Bodenstein y Pia aguardaban en la biblioteca, donde librerías acristaladas llegaban prácticamente hasta el alto techo estucado. Minutos después Carsten Bock entró en la habitación y cerró la puerta.

—¿Qué ha ocurrido? —preguntó en voz baja. Estaba pálido, pero contenido. Se situó detrás de un sillón y apoyó las manos en el respaldo.

—Hemos encontrado a Jonas en el terreno que tiene su suegro en el valle de Schmiehbach —contó Pia—. Hoy no se presentó al examen oral de selectividad y le mandó un
sms
a su novia que sonaba a despedida. Por eso fuimos hasta allí, porque es donde ayer celebró su cumpleaños.

—Debo explicarles por qué no… no echamos en falta a Jonas. —Bock carraspeó y se paró un momento para escoger las palabras adecuadas—. Se fue de casa hace algún tiempo y desde entonces vivía con… un amigo.

—¿Por qué? —quiso saber Bodenstein.

—Teníamos diferencias de opiniones. —Bock se sentó en el borde del sillón y enterró el rostro en las manos—. ¿Cómo… cómo fue…? —preguntó con voz bronca, levantando la cabeza.

—Lo encontramos ahorcado, pero por ahora no podemos decir con seguridad si fue un suicidio o no —aclaró Bodenstein.

Aunque tenía la fuerte sensación de que Bock le ocultaba la verdad de la huida de su hijo, el hombre le daba pena. Perder a un hijo era lo peor que podía pasar a unos padres. ¿Cuánto peor sería si las últimas palabras que se habían intercambiado con el hijo habían sido airadas?

—¿Qué significa eso? —preguntó Bock.

—No se puede excluir la posibilidad de que lo asesinaran —repuso Bodenstein—. Por este motivo, el fiscal ha pedido que se le practique la autopsia.

Carsten Bock se pasó la mano por la cara.

—¿Y ahora qué? ¿Tengo que… me refiero a si…? —No pudo seguir hablando.

—No. Hemos identificado a su hijo sin la menor duda —dijo Bodenstein.

—Pero en los próximos días tendremos que volver a hablar con usted y con su mujer —apuntó Pia.

—¿Por qué? —Bock la miró con unos ojos inyectados en sangre—. Jonas ha muerto, ¿de qué hay que hablar?

—Si efectivamente su hijo fue víctima de un delito violento, nuestro cometido es dar con el autor —explicó Pia. Para ello necesitamos información acerca de Jonas, su círculo de amigos y su entorno.

—Además —terció Bodenstein—, el martes por la noche fue asesinado un hombre llamado Hans-Ulrich Pauly. Encontramos un mensaje de usted en su contestador. Puede que ya se haya enterado de que hemos detenido a su suegro porque tenemos sospechas fundadas de…

—Que han hecho… ¿
qué
? —lo interrumpió Bock, estupefacto, y dejó caer las manos.

Pia reparó en que sus ojos reflejaron por un instante un pánico que desapareció en el acto.

—¿Es que no lo sabía? —A Bodenstein le sorprendió.
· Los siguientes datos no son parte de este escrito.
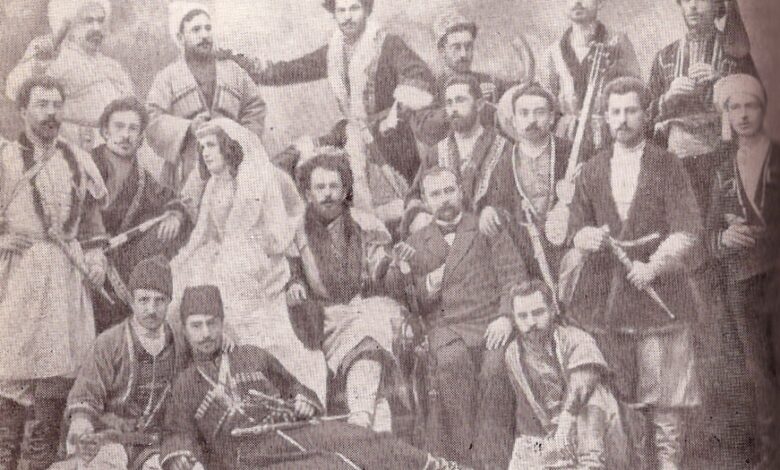 მელიტონ ბალანჩივაძის (სურათის ცენტრში, პალტოში) მომღერალთა გუნდი, მარცხნიდან კოტე მაყაშვილი, ზურაბ აბდუშელიშვილი, იოსებ მაყაშვილი, ოსიკო ბარათაშვილი, 1898 წ.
Detuvimos al señor Zacharias el domingo. No tiene coartada para la hora en que se cometió el asesinato y lo vieron en la escena del crimen, detalle que, dicho sea de paso, él no niega.
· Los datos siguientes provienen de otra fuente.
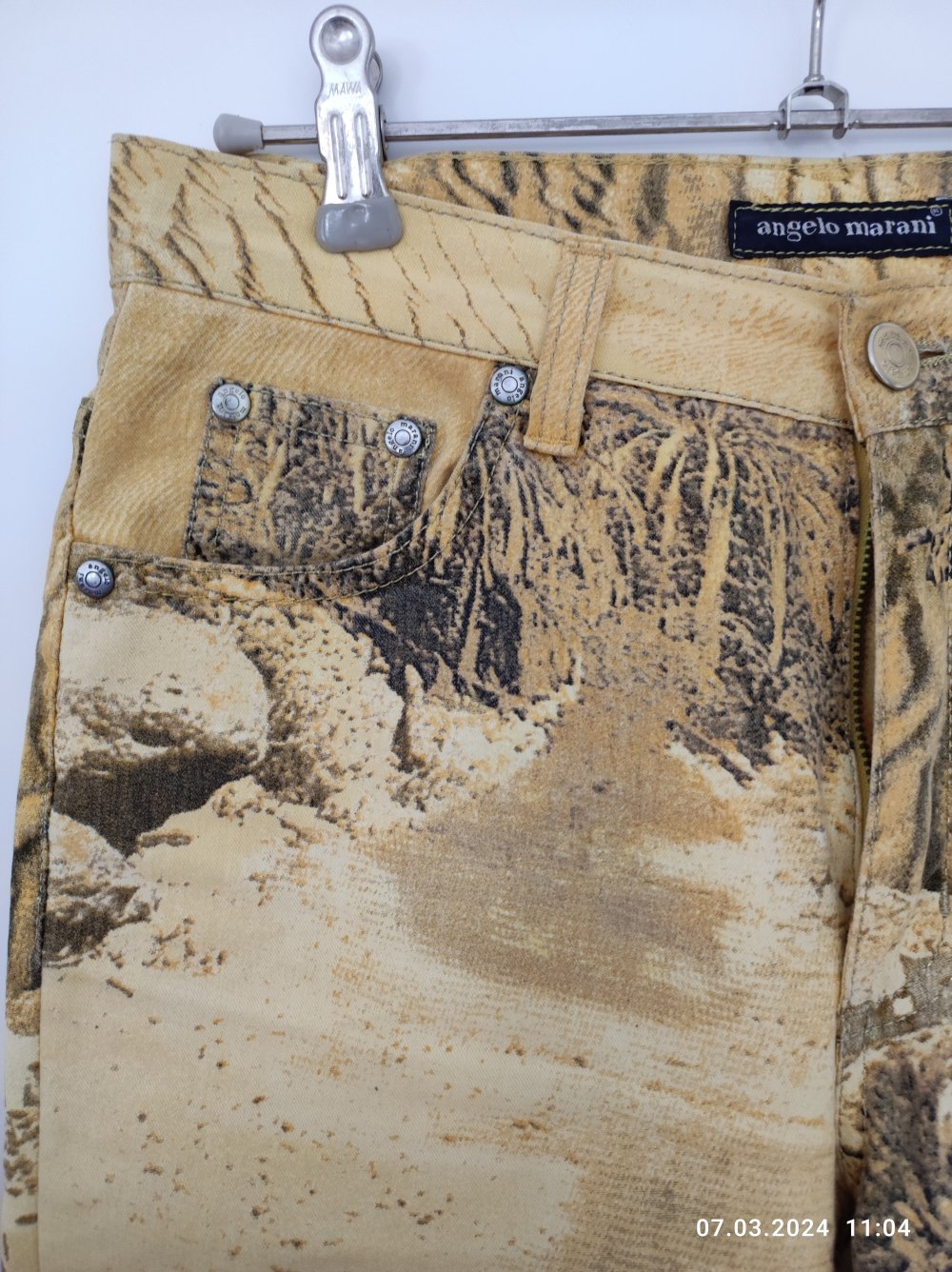 Da. Hose leicht ausgestellt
Carsten Bock se levantó, se acercó a la ventana y se quedó con la vista fija en ella.

—Por favor, váyanse —pidió sin volverse—. Tengo que digerir todo esto.
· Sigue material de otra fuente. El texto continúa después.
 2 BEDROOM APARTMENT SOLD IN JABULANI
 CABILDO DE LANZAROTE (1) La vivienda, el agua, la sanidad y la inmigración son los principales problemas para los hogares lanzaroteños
—¿Crees que no sabía lo de su suegro? —le preguntó Pia a Bodenstein cuando poco después volvían a Kelkheim.

—Es algo raro —opinó este, pensativo—, pero tal vez la mujer de Zacharias no se lo dijera a su hija por pura vergüenza.

—O la señora Bock no se lo dijo a su marido —aventuró Pia—. No parecen llevarse demasiado bien. ¿Has visto cómo lo apartaba?

—Lo he visto, sí.

—Bock ha reaccionado de una forma curiosa cuando le has contado lo de Zacharias.

—Diez minutos antes acababa de enterarse de que su hijo ha muerto —apuntó Bodenstein—. Es normal que en esos casos las personas reaccionen de manera irracional.

—No —objetó Pia—. Yo no creo que reaccionara de manera irracional. Cuando has mencionado a Zacharias, pareció asustarse de veras, con lo cual cabría pensar que… —Le sonó el móvil—. Kirchhoff —respondió.